The Stoxx 600 Autos and Parts Index is up more than 4% in December, set for its best month since February, though is still down the most of any sector in the broader benchmark year-to-date. Even after the recent gains, carmakers trade at a discount of more than 50% to the Stoxx 600 Index, with Volkswagen AG having a multiple of less than four times next year’s estimated earnings.

Such depressed valuations have led traders to seek out bargains, particularly as carmakers are among the biggest potential beneficiaries of recent Chinese stimulus measures.

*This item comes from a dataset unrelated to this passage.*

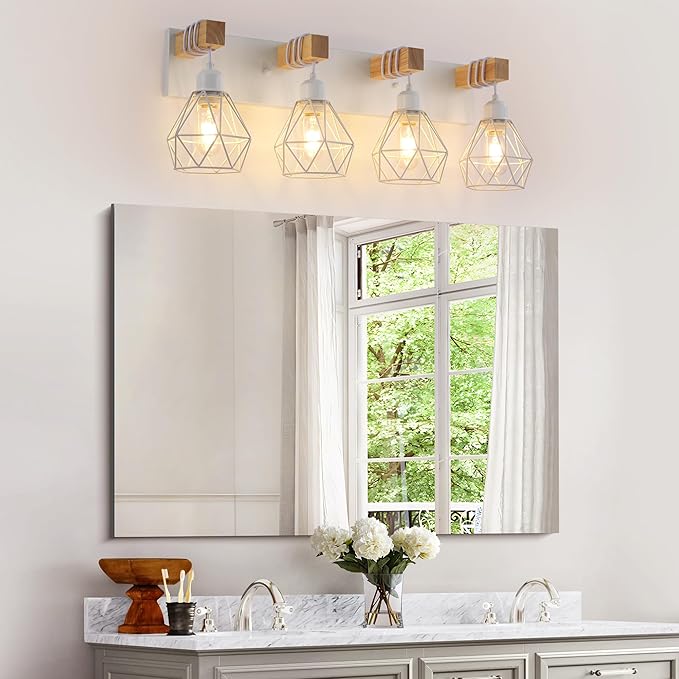 Farmhouse Vanity Light for Bathroom, 4-Light White Wood Bathroom Vanity Light Fixtures Over Mirror, Rustic Sconces Wall Lighting with Metal Lampshade for Living Room, Bedroom, Hallway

Worries over China and the prospect of US tariffs have eased, at least temporarily, but remain ever present in investors’ minds.

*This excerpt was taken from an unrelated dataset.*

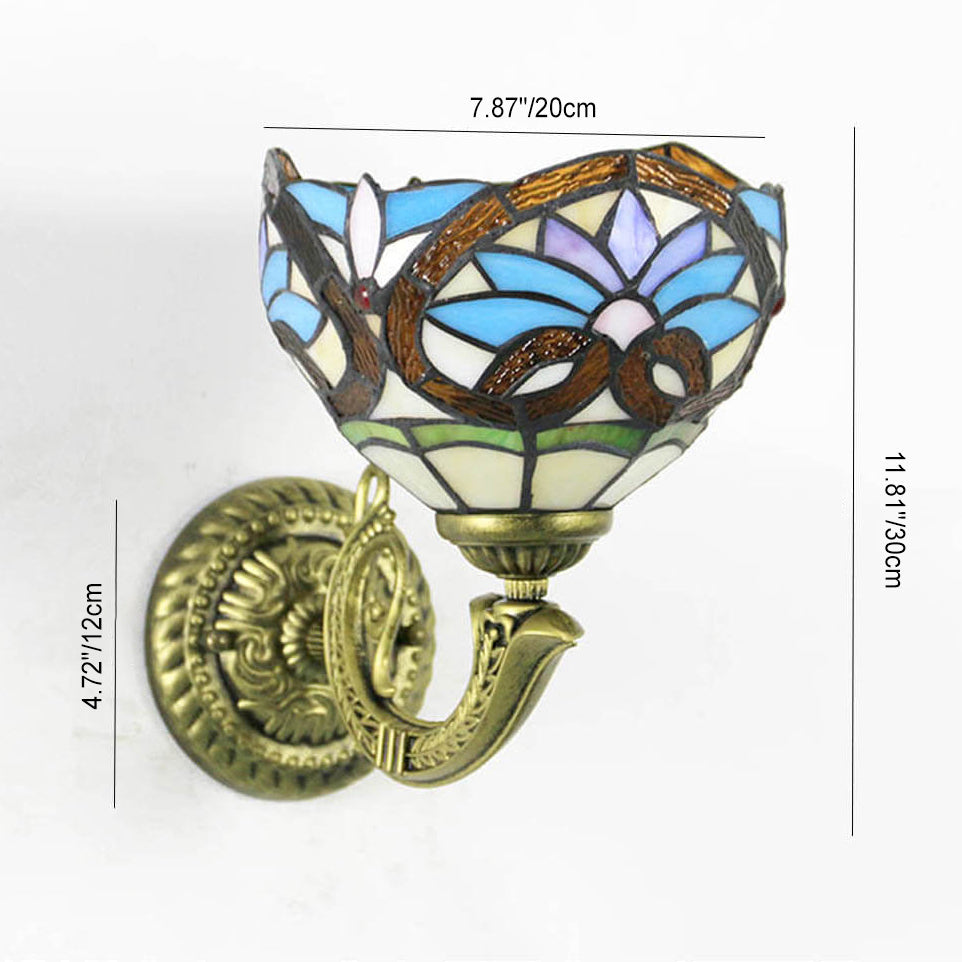 Tiffany Zinc Alloy Stained Glass 1-Light Wall Sconce Lamp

“The strong performance in December seems fueled by the hope that estimates are finally low enough, new tariffs are priced in and on that basis autos still look cheap,” said Stifel Financial Corp. analyst Daniel Schwarz.

A report that Honda Motor Co. and Nissan Motor Co. are exploring a merger provided a further lift to the sector on Wednesday, particularly Nissan partner Renault SA, which gained as much as 7.4%.

Technical indicators suggest investors are turning their attention back to the industry. The relative strength index, a momentum indicator which shows the magnitude of recent price changes for stocks, briefly hit overbought territory last week. The last time it was this high was in April following two months of gains.

The carmakers’ recent revival can also partly be explained by investors closing short bets on the sector, according to Pierre-Olivier Essig, an analyst at AIR Capital.

Individual turnaround stories have also helped. Stellantis NV was among the biggest laggards this year, but got a boost from the ousting of Chief Executive Officer Carlos Tavares, who paid the price for failing to revive the firm’s weakening sales. Bank of America Corp. analysts are positive about the stock, and expect the carmaker to improve production volumes.

BMW AG also got a lift when it was upgraded recently at Jefferies, whose analysts said the company looks comparatively well positioned on key issues like China and emissions compliance for next year. BMW is down 22% in 2024, hit by a major recall and Germany’s high energy and labor costs.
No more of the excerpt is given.